Project

General

Profile

Actions

Bug #10185

closed

Remote-run exec for root fail with "rudder agent was interrupted"

Added by François ARMAND about 7 years ago. Updated about 7 years ago.

Status:
Released
Priority:
N/A
Category:
Relay server or API
Target version:
Severity:
UX impact:
User visibility:
Effort required:
Priority:
Name check:
Fix check:
Regression:

Description

The message is:

== [fanf@luhman16] 
% curl -k -H "X-API-Token: 5qsPVwcoa99sZfnSn3A6ive9Q7PMUzRx"  -X POST 'https://192.168.44.2/rudder/api/latest/nodes/root/applyPolicy' -d "classes=inventory" 
error    Rudder agent was interrupted during execution by a fatal error
         Run with -i to see log messages.

## Summary #####################################################################
0 components verified in 0 directives
execution time: 0.31s
################################################################################

== [fanf@luhman16] 
% curl -k -H "X-API-Token: 5qsPVwcoa99sZfnSn3A6ive9Q7PMUzRx"  -X POST 'https://192.168.44.2/rudder/api/latest/nodes/6866e5db-bb41-4110-958b-c1f1c90dbcbe/applyPolicy'
error    Rudder agent was interrupted during execution by a fatal error
         Run with -i to see log messages.
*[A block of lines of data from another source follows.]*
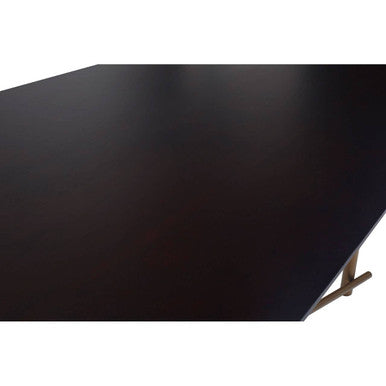 Black Engineered Wood Top Dining Table with Brushed Brass Legs, Delta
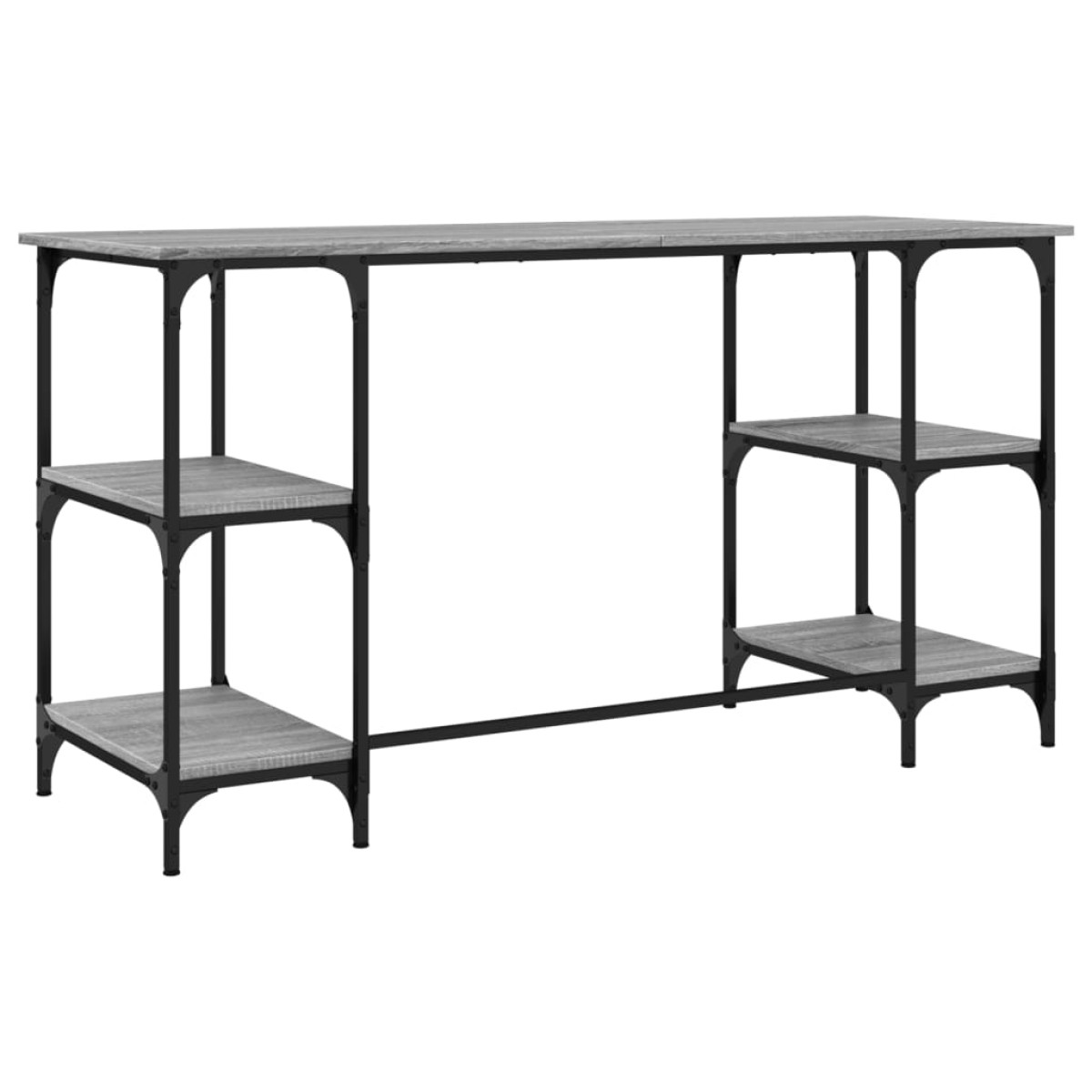 vidaXL Γραφείο Γκρι Sonoma 140x50x75 εκ. Μέταλλο & Επεξεργασμένο Ξύλο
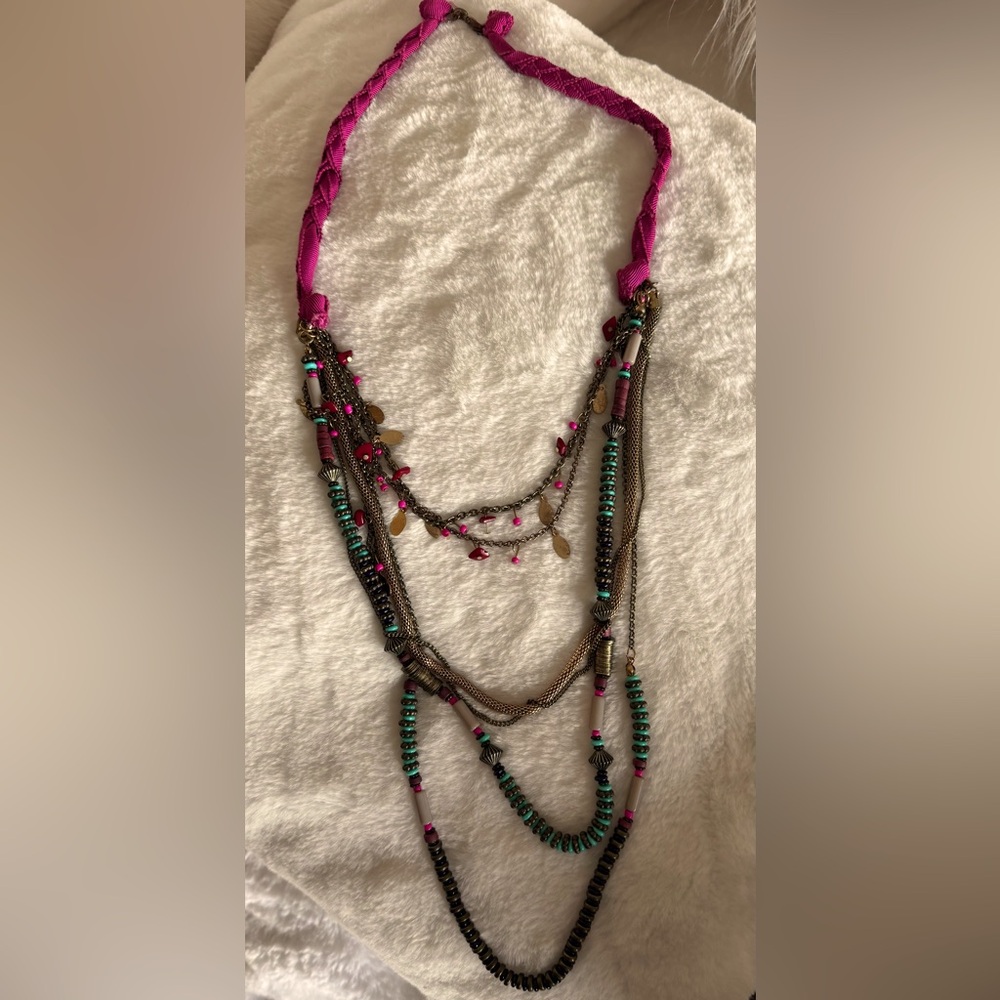 Free People Multicolor pink/turquoise long Beaded Necklace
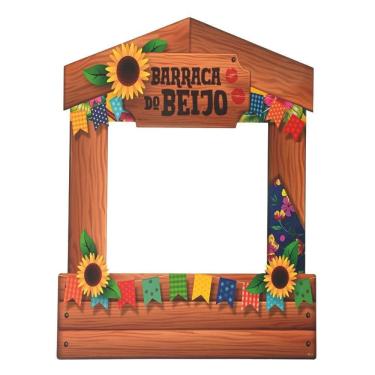 Imagem de Decoração Junina Painel Foto Barraca Do Beijo 57X42 Cm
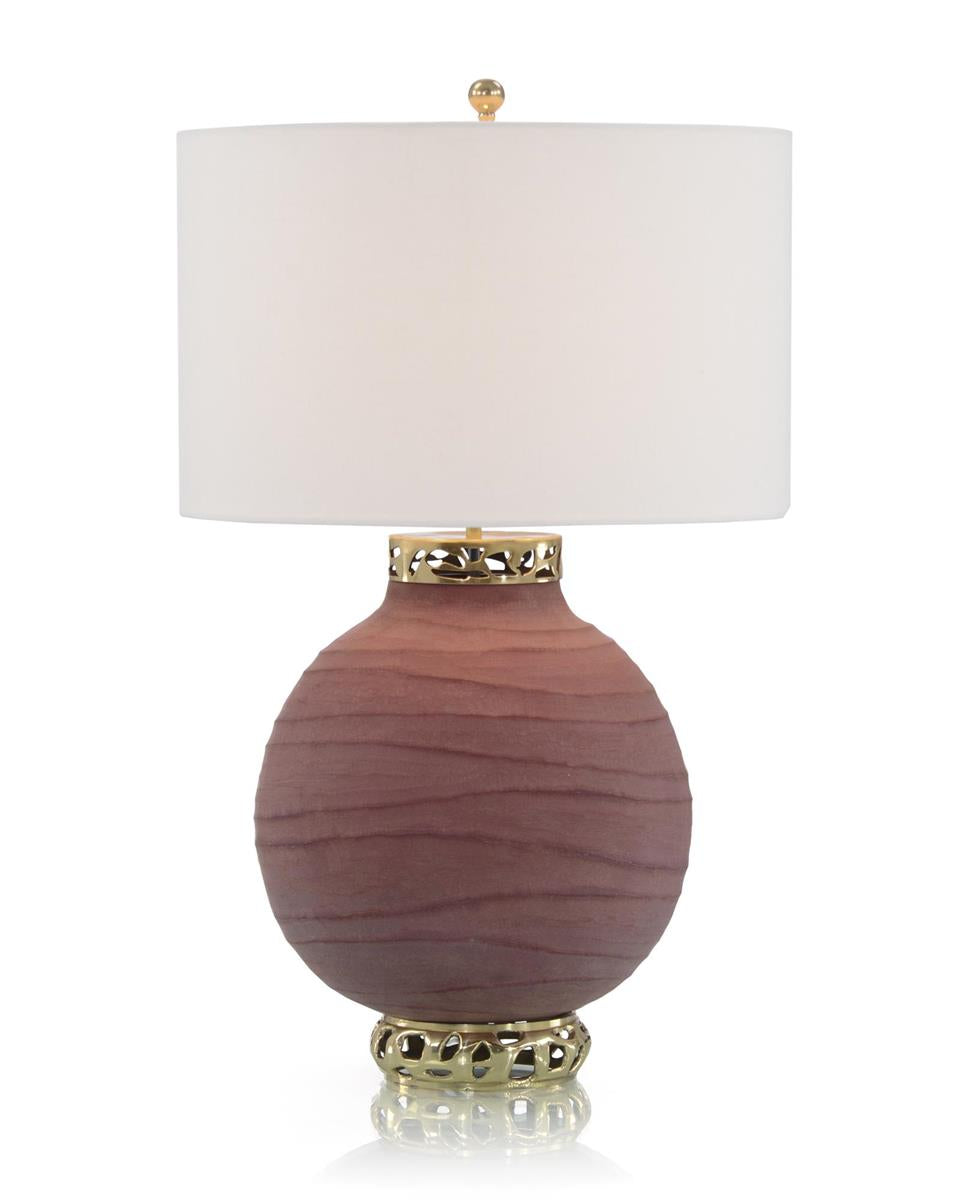 Ruby Red Carved Ceramic Table Lamp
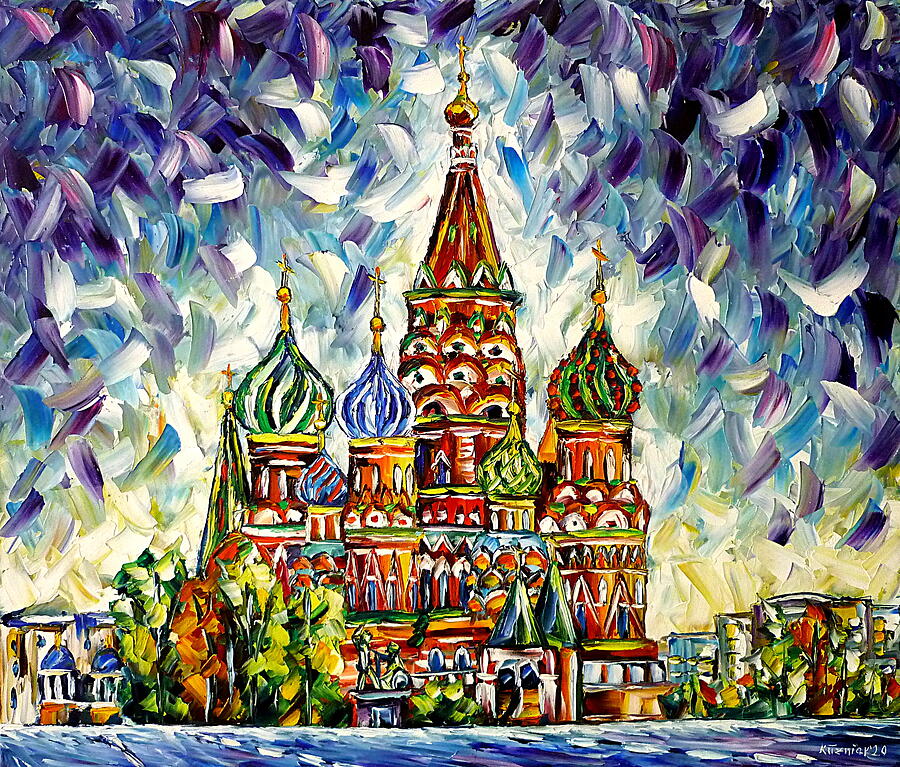 St. Basils Cathedral Painting by Mirek Kuzniar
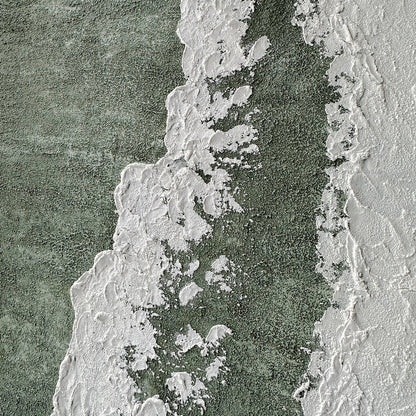 Close-up of Serene Modern Abstract Textured Wall Art, highlighting the intricate 3D texture, hand-painted details, and clear gel finish on the poly-cotton canvas.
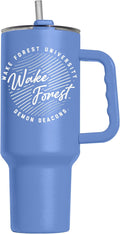 Logo Brands NCAA Wake Forest Demon Deacons Retro Script Arctic 40 oz Tumbler with Handle - Stylish Everyday Use Powder Coated-Stainless Steel with Straw- Keeps Cold For Hours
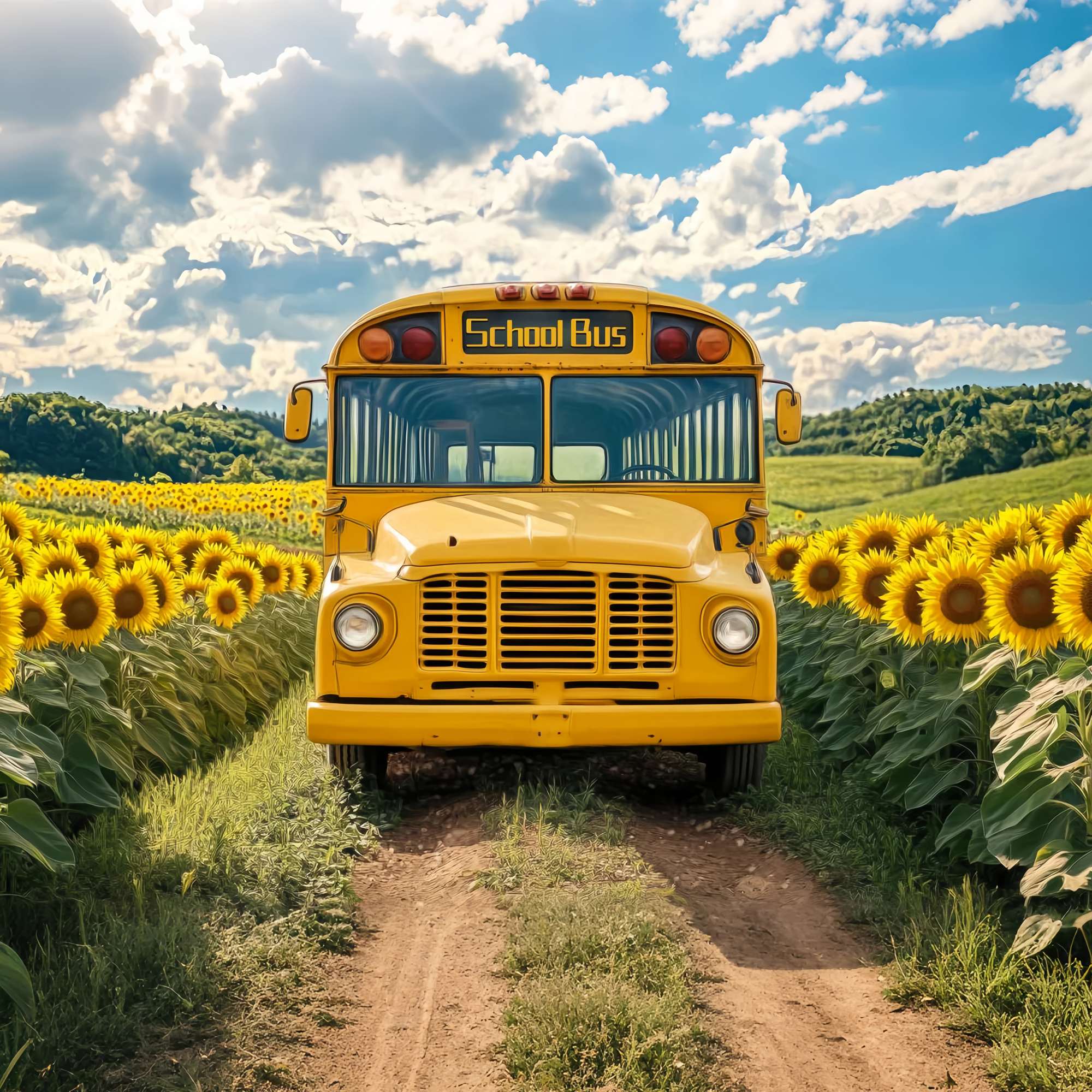School Bus Backdrop Sunflower Field Vintage School Bus School Picture Backdrop UK LXX58-128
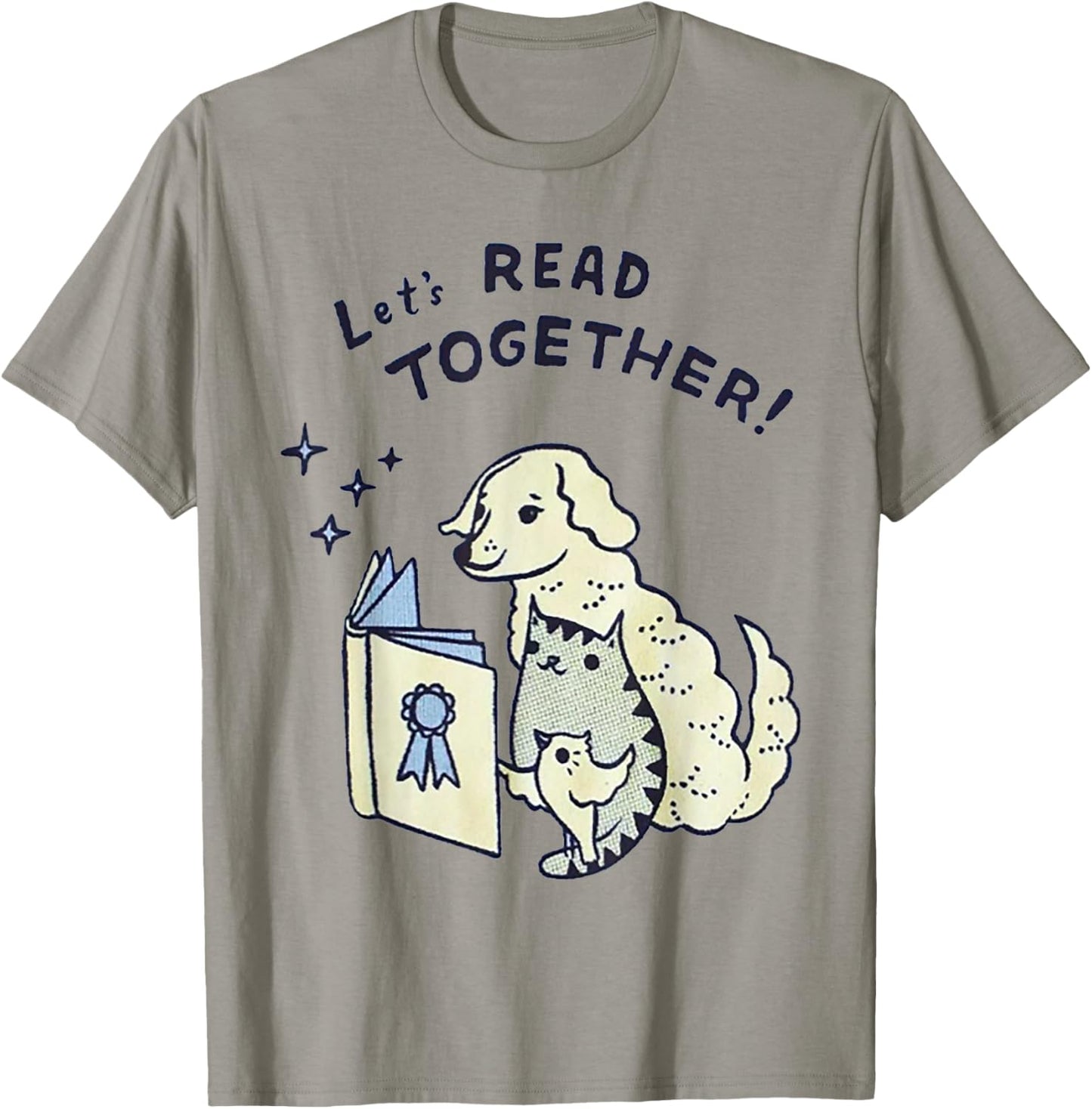 Let's read together Dog Cat Bird Men Women T-Shirt - T-Shirt | Sand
## Summary #####################################################################
0 components verified in 0 directives
execution time: 0.29s
################################################################################

OK, after trying to start it some more time on the remote node, it started to work. I have 0 idea about what was wrong. And there is no log.

We need to at least add logs to be able to do some forensic when things are not working as expected.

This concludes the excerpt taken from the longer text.